By Matt Tomlin
A Universities UK survey of 2,000 people has recently highlighted that less than half of the British public, 48% to be exact, felt ‘positive’ about the state of universities. 9% were outright ‘negative’ in their feelings towards universities and 13% were uncertain of their opinion and answered ‘don’t know’ in the poll. 31% were neutral about the state of British universities.
Despite the consensus being of a lack of enthusiasm for higher education’s role in society, two thirds of respondents claimed they would encourage their children to go to university. However, 61% of respondents also believed the only justification for getting a degree would be if it offered graduates good job prospects. In answer to a separate question, 58% were of the opinion that the current teaching in universities did not prepare students properly for tasks in the workplace. In addition, 46% saw the expenses of university life as making university courses not worth doing.

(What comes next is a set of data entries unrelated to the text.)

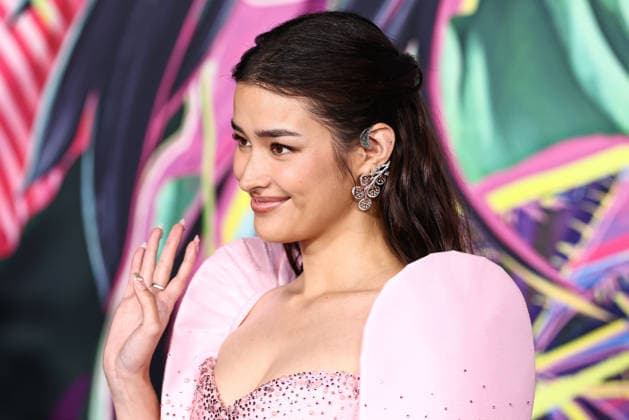 Los Angeles Premiere Of DreamWorks Animation s And Universal Pictures Forgotten Island LOS ANGELES, CALIFORNIA, USA - SEPTEMBER 23: Liza Soberano wearing Mark Bumgarner, styled by Katie Qian arrives at the Los Angeles Premiere Of DreamWorks Animation s And Universal Pictures Forgotten Island held at the Lucas Museum of Narrative Art on September 23, 2026 in Los Angeles, California, United States. Los Angeles Lucas Museum of Narrative Art California United States Copyright: xXavierxCollin ImagexPressxAgencyx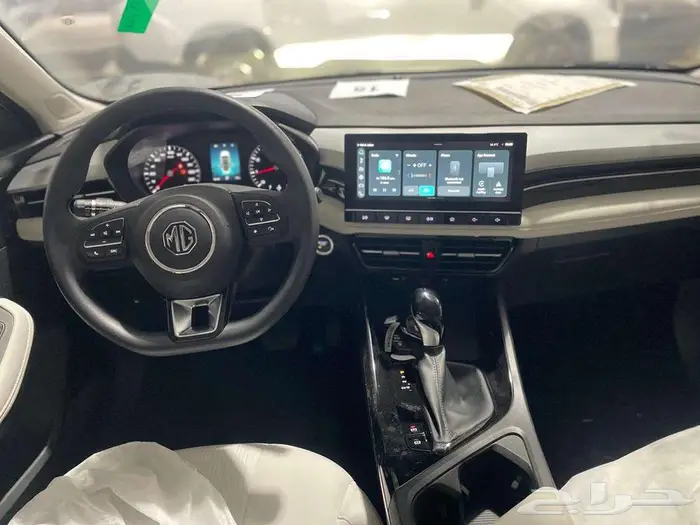 ام جي 5 استاندر الشكل الجديد موديل (2025) 1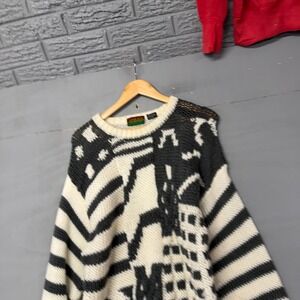 Oakton Limited Vintage 90s Abstract Geometric Chunky Knit Sweater Cream Grey L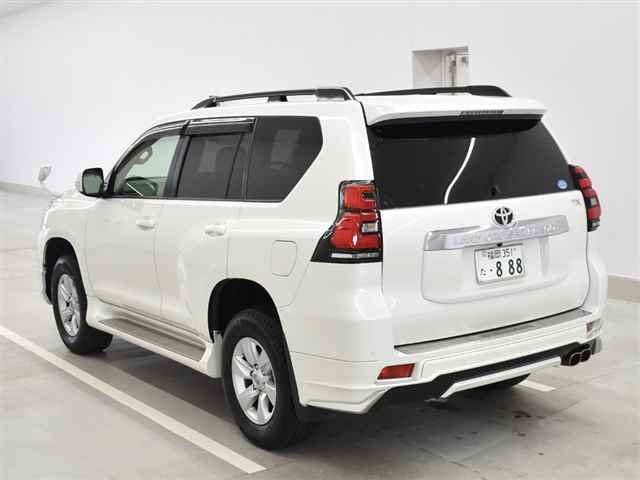 Import and buy TOYOTA LAND CRUISER PRADO 2017 from Japan to Nairobi, Kenya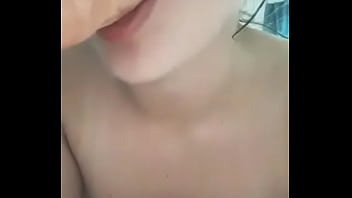 Metendo o brinquedo na boca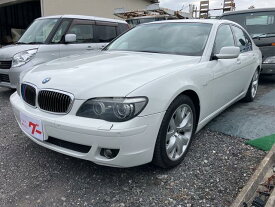 7シリーズ その他（BMW）【中古】 中古車 セダン ホワイト 白色 2WD ガソリン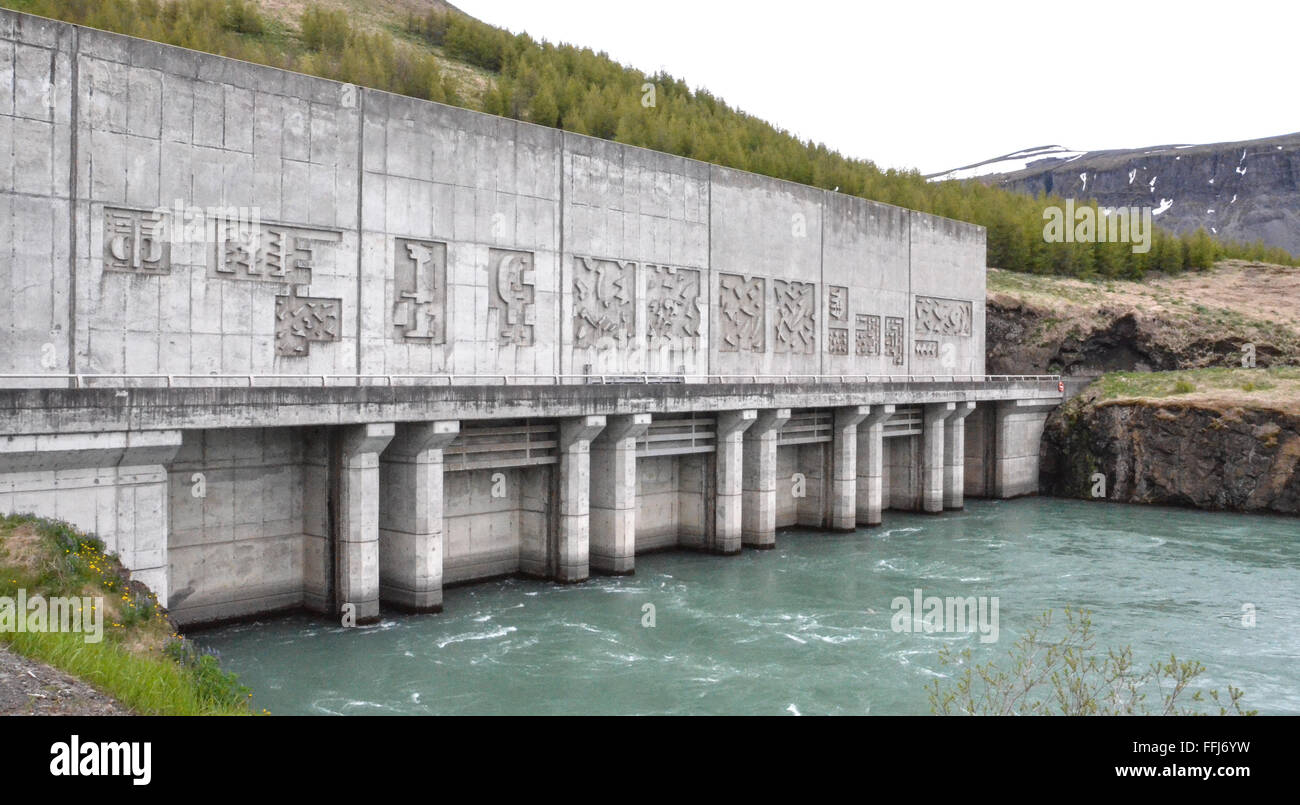 Thorsardalur Valley, ISLANDE - 14 juin : Le Katla station hydroélectrique, montré ici en juin 14, 2015, peut générer jusqu'à 270 MW. Banque D'Images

As an overall contribution to modern British society, people rated universities highly with 70% responded that British universities were some of the best in the world. However, there are doubts about the justification of this view as many polled did not go into much detail about research universities have done to better society. Oxford and Cambridge were the universities talked about the most by those who did go into this level of detail.
These statistics come following many issues experienced in the higher education sector in recent weeks. Many British universities are struggling financially and the National Union of Students (NUS) has also been reported to be near bankruptcy.